_YOUR OBJECTIVE_: Every line from the one with "Elegant crystal wine" to the one with "Mountain And Forest", including those two, is to be copied exactly; all other lines of the entries below are left out.

_DATA FOR THIS EXERCISE_:
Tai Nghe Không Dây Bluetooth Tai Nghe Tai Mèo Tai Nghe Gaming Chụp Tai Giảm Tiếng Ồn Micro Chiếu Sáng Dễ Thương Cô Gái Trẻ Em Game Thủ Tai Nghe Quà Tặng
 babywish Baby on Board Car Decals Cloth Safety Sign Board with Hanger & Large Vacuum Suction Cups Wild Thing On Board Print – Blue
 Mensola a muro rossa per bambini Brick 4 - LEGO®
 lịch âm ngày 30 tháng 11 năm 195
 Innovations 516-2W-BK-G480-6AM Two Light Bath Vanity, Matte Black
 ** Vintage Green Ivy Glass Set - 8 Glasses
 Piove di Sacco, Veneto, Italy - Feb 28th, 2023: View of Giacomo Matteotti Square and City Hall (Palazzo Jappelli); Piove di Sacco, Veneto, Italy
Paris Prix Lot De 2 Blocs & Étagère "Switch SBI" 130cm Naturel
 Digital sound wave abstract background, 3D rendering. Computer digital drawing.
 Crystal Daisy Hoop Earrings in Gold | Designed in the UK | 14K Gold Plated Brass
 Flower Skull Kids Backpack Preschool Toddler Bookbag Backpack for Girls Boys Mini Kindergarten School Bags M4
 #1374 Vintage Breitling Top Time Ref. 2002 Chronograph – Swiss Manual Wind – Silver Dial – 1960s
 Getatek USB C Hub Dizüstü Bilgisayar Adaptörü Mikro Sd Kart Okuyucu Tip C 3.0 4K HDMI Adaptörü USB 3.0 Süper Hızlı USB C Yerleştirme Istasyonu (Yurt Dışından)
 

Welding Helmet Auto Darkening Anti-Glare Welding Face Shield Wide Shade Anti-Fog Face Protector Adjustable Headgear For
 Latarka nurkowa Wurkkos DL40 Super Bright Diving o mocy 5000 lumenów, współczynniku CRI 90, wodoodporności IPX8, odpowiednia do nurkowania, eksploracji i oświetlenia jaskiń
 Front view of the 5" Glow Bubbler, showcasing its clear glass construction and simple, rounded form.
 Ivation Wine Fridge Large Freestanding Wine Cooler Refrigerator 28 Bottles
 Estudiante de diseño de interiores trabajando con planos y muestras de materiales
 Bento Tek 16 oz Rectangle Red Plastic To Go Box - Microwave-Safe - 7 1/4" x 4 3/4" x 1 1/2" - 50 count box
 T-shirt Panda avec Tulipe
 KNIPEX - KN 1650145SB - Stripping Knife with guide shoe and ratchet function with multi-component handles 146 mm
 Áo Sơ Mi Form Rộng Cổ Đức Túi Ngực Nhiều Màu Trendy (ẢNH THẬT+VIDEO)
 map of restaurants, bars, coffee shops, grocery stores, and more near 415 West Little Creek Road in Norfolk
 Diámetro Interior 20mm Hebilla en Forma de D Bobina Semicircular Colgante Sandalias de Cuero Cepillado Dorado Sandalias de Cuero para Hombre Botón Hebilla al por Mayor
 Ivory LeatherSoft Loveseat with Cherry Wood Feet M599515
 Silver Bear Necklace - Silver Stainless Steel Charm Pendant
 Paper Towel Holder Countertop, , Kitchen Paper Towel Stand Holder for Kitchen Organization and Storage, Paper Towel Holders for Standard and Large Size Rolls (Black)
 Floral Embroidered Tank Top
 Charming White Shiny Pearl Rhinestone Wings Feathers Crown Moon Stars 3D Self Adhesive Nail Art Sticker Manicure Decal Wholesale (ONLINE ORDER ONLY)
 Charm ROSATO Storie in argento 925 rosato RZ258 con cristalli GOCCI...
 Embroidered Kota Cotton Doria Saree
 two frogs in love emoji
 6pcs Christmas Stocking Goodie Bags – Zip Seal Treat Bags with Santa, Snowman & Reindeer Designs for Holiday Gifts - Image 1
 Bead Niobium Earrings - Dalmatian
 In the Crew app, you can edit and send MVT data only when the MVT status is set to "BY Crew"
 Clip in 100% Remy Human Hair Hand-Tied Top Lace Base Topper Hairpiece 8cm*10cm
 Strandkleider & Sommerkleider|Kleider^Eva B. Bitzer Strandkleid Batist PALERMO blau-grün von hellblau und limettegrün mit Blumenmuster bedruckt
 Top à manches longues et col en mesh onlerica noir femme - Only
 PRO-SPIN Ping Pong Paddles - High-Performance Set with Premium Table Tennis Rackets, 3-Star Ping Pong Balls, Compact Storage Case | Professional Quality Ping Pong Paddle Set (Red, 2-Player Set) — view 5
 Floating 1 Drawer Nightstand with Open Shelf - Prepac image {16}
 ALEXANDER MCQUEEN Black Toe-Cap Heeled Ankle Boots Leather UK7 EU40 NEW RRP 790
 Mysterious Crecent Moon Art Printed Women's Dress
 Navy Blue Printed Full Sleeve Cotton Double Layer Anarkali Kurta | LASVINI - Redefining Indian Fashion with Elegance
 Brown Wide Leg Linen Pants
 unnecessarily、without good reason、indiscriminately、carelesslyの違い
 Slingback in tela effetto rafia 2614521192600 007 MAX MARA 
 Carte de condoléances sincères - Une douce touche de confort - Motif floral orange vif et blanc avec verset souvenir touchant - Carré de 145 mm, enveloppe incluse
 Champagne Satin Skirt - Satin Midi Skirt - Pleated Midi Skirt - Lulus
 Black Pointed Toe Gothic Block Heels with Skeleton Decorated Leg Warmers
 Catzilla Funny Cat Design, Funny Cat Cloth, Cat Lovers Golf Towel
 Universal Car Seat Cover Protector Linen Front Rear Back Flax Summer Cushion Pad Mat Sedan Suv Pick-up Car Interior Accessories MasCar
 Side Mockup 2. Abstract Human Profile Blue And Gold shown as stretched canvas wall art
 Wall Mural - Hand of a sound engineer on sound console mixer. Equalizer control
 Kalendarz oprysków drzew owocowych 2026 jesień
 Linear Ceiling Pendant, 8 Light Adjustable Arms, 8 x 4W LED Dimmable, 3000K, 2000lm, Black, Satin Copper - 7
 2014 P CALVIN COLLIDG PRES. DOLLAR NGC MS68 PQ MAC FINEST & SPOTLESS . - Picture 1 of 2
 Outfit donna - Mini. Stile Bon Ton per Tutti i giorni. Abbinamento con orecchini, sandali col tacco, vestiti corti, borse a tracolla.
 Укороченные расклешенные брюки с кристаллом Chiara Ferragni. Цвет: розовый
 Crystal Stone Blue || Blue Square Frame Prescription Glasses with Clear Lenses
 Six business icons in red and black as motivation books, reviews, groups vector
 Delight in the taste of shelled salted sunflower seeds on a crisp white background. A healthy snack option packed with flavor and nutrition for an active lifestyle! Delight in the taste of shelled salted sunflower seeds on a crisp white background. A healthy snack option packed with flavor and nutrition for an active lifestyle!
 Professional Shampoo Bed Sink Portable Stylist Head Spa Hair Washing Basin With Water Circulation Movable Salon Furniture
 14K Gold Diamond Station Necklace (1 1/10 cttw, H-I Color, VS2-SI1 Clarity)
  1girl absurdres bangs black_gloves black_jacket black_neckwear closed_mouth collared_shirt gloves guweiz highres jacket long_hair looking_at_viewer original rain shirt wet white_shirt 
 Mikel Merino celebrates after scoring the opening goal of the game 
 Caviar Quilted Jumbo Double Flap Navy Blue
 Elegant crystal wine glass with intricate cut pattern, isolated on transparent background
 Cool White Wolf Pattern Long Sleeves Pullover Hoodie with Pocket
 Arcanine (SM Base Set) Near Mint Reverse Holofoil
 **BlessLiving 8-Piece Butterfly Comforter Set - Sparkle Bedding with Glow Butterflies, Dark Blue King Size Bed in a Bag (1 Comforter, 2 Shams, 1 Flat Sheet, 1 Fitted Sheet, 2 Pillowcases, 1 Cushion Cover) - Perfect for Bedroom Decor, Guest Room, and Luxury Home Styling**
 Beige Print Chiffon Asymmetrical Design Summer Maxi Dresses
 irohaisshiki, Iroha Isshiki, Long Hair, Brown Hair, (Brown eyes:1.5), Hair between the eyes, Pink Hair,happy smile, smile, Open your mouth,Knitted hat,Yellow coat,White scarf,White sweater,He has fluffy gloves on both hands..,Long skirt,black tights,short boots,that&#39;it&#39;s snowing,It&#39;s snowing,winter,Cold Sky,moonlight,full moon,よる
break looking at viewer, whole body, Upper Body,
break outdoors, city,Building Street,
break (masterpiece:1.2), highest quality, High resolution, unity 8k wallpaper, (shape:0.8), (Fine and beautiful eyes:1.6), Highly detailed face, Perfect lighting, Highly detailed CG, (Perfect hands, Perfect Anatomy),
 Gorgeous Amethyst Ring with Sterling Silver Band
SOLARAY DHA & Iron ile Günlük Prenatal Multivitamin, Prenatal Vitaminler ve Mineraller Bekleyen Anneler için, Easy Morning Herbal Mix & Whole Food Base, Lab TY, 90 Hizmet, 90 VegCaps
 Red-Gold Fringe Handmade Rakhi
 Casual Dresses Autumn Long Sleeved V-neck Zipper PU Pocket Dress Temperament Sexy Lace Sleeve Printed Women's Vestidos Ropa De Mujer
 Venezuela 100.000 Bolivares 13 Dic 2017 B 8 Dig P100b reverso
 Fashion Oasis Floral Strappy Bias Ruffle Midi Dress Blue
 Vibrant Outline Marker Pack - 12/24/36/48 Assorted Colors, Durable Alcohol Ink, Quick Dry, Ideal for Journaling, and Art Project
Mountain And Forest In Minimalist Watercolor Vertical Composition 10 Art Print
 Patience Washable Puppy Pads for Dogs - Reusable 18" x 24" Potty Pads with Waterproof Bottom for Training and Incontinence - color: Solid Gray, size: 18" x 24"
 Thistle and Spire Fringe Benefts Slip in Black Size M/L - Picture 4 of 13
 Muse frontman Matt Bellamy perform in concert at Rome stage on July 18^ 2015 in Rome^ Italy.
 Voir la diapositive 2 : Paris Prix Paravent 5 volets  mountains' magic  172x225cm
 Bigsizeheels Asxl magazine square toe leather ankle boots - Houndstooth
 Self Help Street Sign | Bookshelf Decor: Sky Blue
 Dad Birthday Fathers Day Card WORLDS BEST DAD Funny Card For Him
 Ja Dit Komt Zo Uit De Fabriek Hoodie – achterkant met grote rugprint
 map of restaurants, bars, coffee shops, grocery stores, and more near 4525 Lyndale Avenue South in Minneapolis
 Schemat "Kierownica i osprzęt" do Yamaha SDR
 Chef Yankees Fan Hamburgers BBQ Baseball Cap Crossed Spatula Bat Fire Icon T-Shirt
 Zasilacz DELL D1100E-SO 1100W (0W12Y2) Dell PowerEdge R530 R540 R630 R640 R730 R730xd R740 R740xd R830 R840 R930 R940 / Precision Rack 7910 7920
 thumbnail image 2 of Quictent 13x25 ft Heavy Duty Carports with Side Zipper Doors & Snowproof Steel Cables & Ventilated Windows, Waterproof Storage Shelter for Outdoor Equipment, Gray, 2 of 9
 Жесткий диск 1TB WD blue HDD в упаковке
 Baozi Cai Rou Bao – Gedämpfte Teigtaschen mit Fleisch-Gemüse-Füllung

_EXERCISE OUTPUT_:
 Elegant crystal wine glass with intricate cut pattern, isolated on transparent background
 Cool White Wolf Pattern Long Sleeves Pullover Hoodie with Pocket
 Arcanine (SM Base Set) Near Mint Reverse Holofoil
 **BlessLiving 8-Piece Butterfly Comforter Set - Sparkle Bedding with Glow Butterflies, Dark Blue King Size Bed in a Bag (1 Comforter, 2 Shams, 1 Flat Sheet, 1 Fitted Sheet, 2 Pillowcases, 1 Cushion Cover) - Perfect for Bedroom Decor, Guest Room, and Luxury Home Styling**
 Beige Print Chiffon Asymmetrical Design Summer Maxi Dresses
 irohaisshiki, Iroha Isshiki, Long Hair, Brown Hair, (Brown eyes:1.5), Hair between the eyes, Pink Hair,happy smile, smile, Open your mouth,Knitted hat,Yellow coat,White scarf,White sweater,He has fluffy gloves on both hands..,Long skirt,black tights,short boots,that&#39;it&#39;s snowing,It&#39;s snowing,winter,Cold Sky,moonlight,full moon,よる
break looking at viewer, whole body, Upper Body,
break outdoors, city,Building Street,
break (masterpiece:1.2), highest quality, High resolution, unity 8k wallpaper, (shape:0.8), (Fine and beautiful eyes:1.6), Highly detailed face, Perfect lighting, Highly detailed CG, (Perfect hands, Perfect Anatomy),
 Gorgeous Amethyst Ring with Sterling Silver Band
SOLARAY DHA & Iron ile Günlük Prenatal Multivitamin, Prenatal Vitaminler ve Mineraller Bekleyen Anneler için, Easy Morning Herbal Mix & Whole Food Base, Lab TY, 90 Hizmet, 90 VegCaps
 Red-Gold Fringe Handmade Rakhi
 Casual Dresses Autumn Long Sleeved V-neck Zipper PU Pocket Dress Temperament Sexy Lace Sleeve Printed Women's Vestidos Ropa De Mujer
 Venezuela 100.000 Bolivares 13 Dic 2017 B 8 Dig P100b reverso
 Fashion Oasis Floral Strappy Bias Ruffle Midi Dress Blue
 Vibrant Outline Marker Pack - 12/24/36/48 Assorted Colors, Durable Alcohol Ink, Quick Dry, Ideal for Journaling, and Art Project
Mountain And Forest In Minimalist Watercolor Vertical Composition 10 Art Print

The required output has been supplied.